The Swiss authorities adopt a light touch attitude while setting the pace of the corporate responsibility agenda
The Swiss government’s approach to corporate social responsibility bears a remarkable resemblance to what might be expected of a major international company. Sustainability reporting is emphasised, but there are doubts about how deep the thinking goes.
The Swiss government has some of the characteristics of a major corporation. Switzerland is governed by a seven-person board – the federal council – which makes the decisions, while the president, Micheline Calmy-Rey, acts as non-executive chair. The Swiss board departs from most company boards, however, in that the majority of its members are women.
The government imposes no direct corporate social responsibility obligations on companies. There is no national corporate responsibility strategy, and reporting obligations, especially for private companies, are limited. Corporations listed on the Swiss stock exchange must publish governance reports, but sustainability reporting remains voluntary. Swiss companies have the “freedom to decide their level of engagement,” says Thomas Pletscher, head of regulatory policy at the country’s main business federation, Economiesuisse.
But this does not mean that the government expects nothing of its corporations. Rather, it takes the view that if legislation is needed to ensure the stability and sustainability of Swiss society, then it will legislate. “Companies are not expected to compensate for any regulatory or institutional weaknesses on the part of the state,” according to the Swiss state secretariat for economic affairs.
Switzerland has a sustainable development plan that is, in effect, a national strategy for corporate responsibility. Unlike some corporate sustainability reports, however, which might consider environmental and social objectives as add-ons, the national plan specifically regards environmental protection, economic performance and “social solidarity” as having equal importance.

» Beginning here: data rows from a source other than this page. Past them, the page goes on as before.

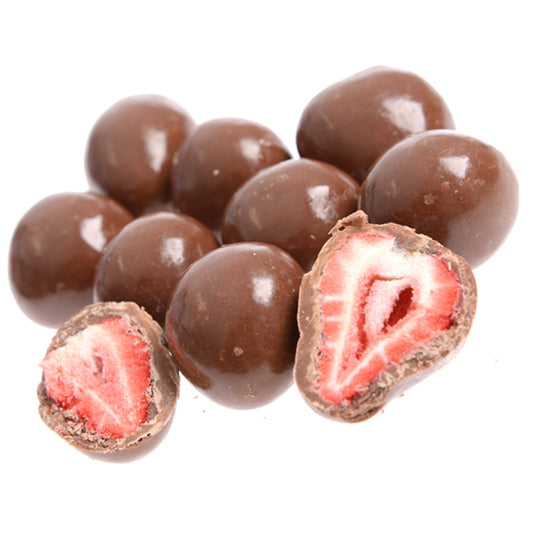 Milk Chocolate Coated Freeze Dried Strawberries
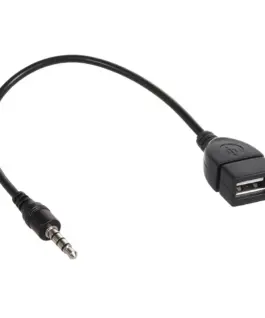 Maclean 3.5mm 4C PLUG TO USB A FEMALE кабел FOR IPOD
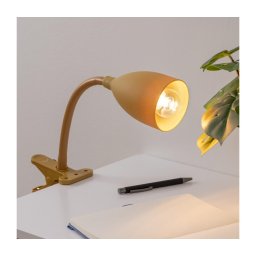 Lampă cu clemă Atmosphera SILY 1xE14/7W/230V auriu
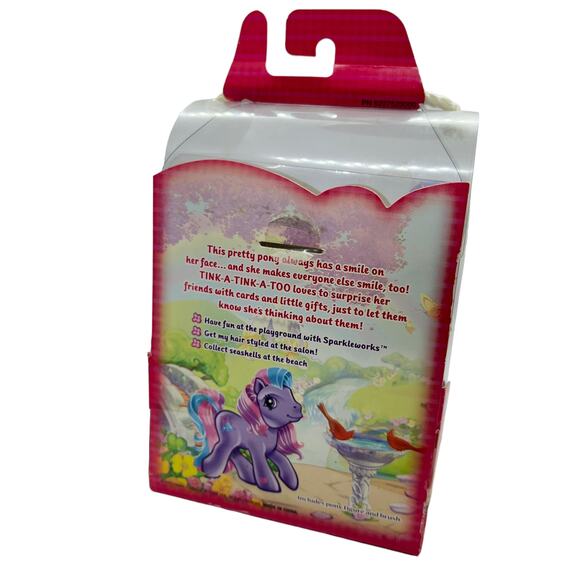 My Little Pony Tink A Tink A Too Purple Pony In Open Box New with Dusty Box 2003 - Picture 6 of 15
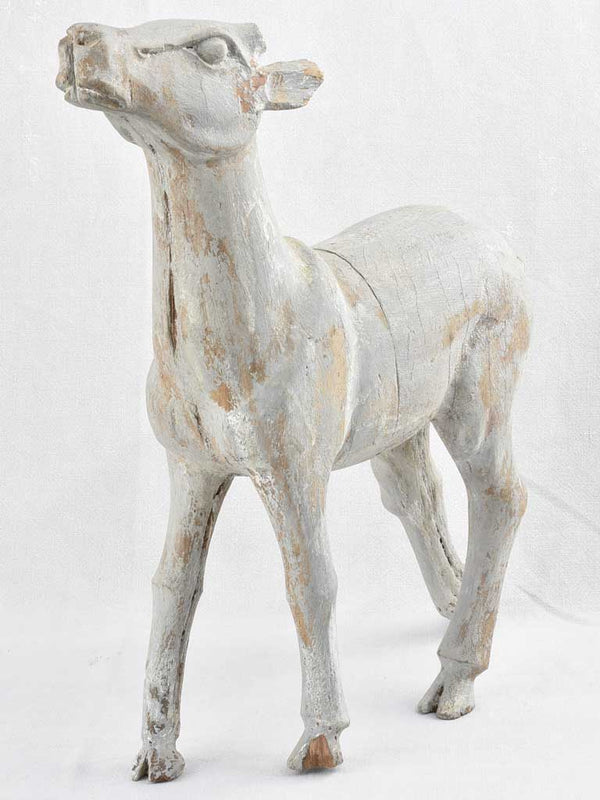 Late 19th century wooden deer - toy mold 24½"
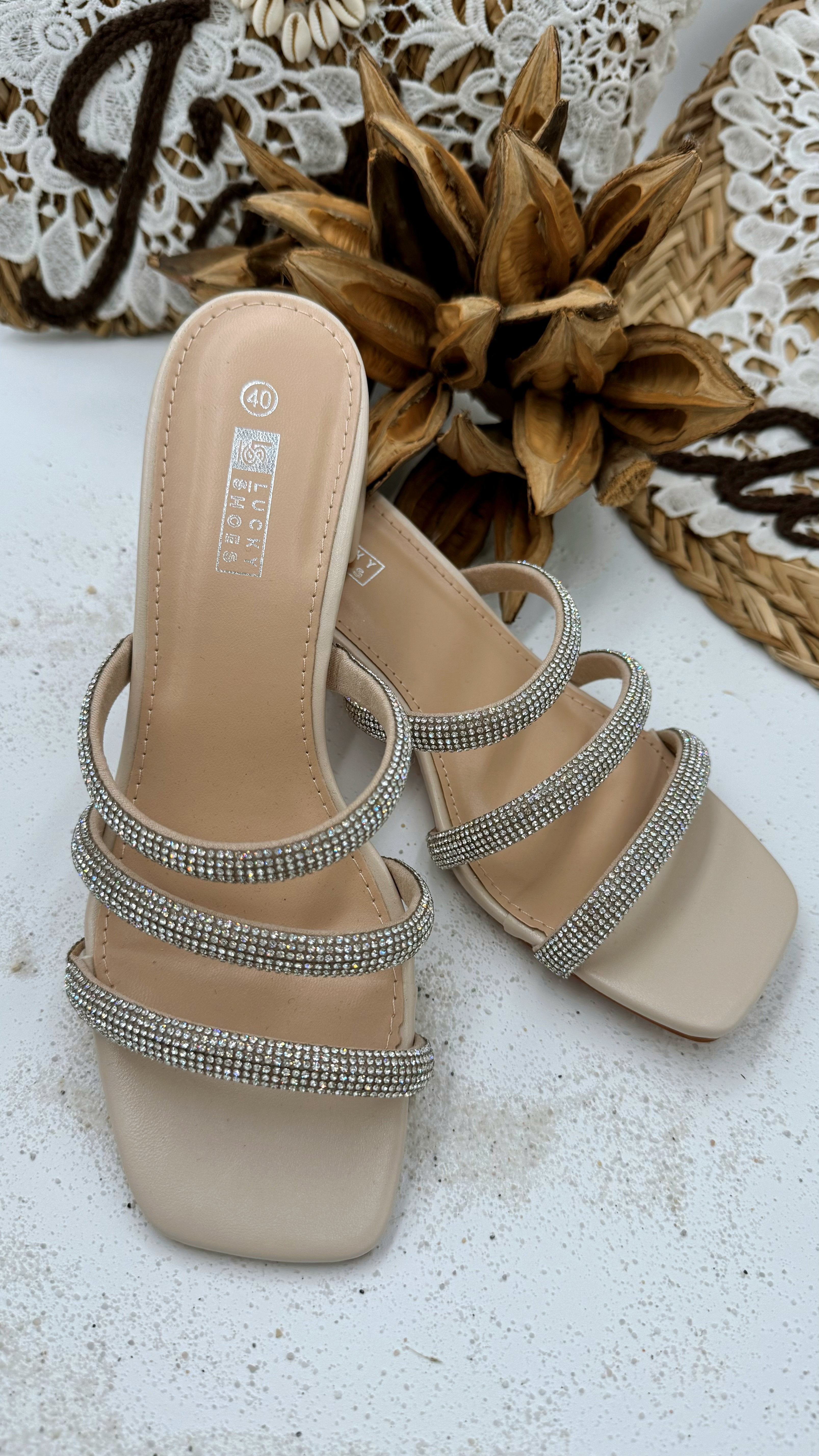 Hot Glitter heeled sandal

The strategy covers 2008-11 and includes many measures that will require a greater degree of sustainable behaviour from companies. Some objectives could easily have been lifted from a corporate responsibility plan, for example increasing the proportion of renewables in energy consumption, minimising miles travelled by goods, reducing the disparity between the salaries paid to men and women, increasing scientific research, and promoting multilingualism.
Progress reports are available via an online sustainable development dashboard. This shows that Switzerland plc is broadly making progress on reducing its energy intensity, and on reducing the resource intensity of Swiss products (resources consumed per unit of GDP fell by 15% between 1990 and 2009). Performance has been less good, however, when it comes to reducing waste, or cutting youth unemployment.
To cut its carbon dioxide emissions, Switzerland introduced a CO2levy in 2008. This is charged on all imported fossil fuels, meaning the tax is shared across society, from individuals to businesses. In a novel twist, the proceeds from companies are redistributed in a responsibility-encouraging fashion. Firms receive payments based on the number of employees they have, meaning that the biggest beneficiaries, according to the Swiss federal office for the environment, are companies “that, on the one hand, make effective use of fossil fuels and use renewable energy, and on the other hand, employ many staff”.
Companies can opt out of the tax if they sign up for the Swiss emissions trading system. In doing so, they take on legally binding emission reduction targets, and receive free carbon allowances up to their cap. If participating companies over-perform, the surplus can be sold. It remains to be seen if the carbon levy and the cap-and-trade scheme will have an impact. Swiss emissions in 2008 – the same year as the tax was introduced – stood at more or less the same level as 1990, according to the national sustainability dashboard.
Emphasis on standards
The government also behaves like a corporation in subscribing to international guidelines and standards, such as the OECD Guidelines for Multinational Enterprises, the International Labour Organisation Declaration of Principles Concerning Multinational Enterprises and Social Policy, and the United Nations Global Compact. The Swiss economic affairs state secretariat says: “It is the responsibility of corporate management to respect and apply international standards.”
But critics say the government’s approach is superficial, and is mainly focused on reporting, rather than doing, good deeds. The Swiss Alliance of Development Organisations (known as Alliance Sud) said in April 2011 that the government’s implementation of the OECD guidelines was “rather passive and minimalist”.
This followed its failure to resolve a case involving the Swiss underwear manufacturer Triumph International, and workers in Thailand and the Philippines, who claimed to have been unfairly dismissed. Alliance Sud says the Swiss authorities, instead of giving up on the case in January, should have done more, such as organising the translation of documents and facilitating meetings.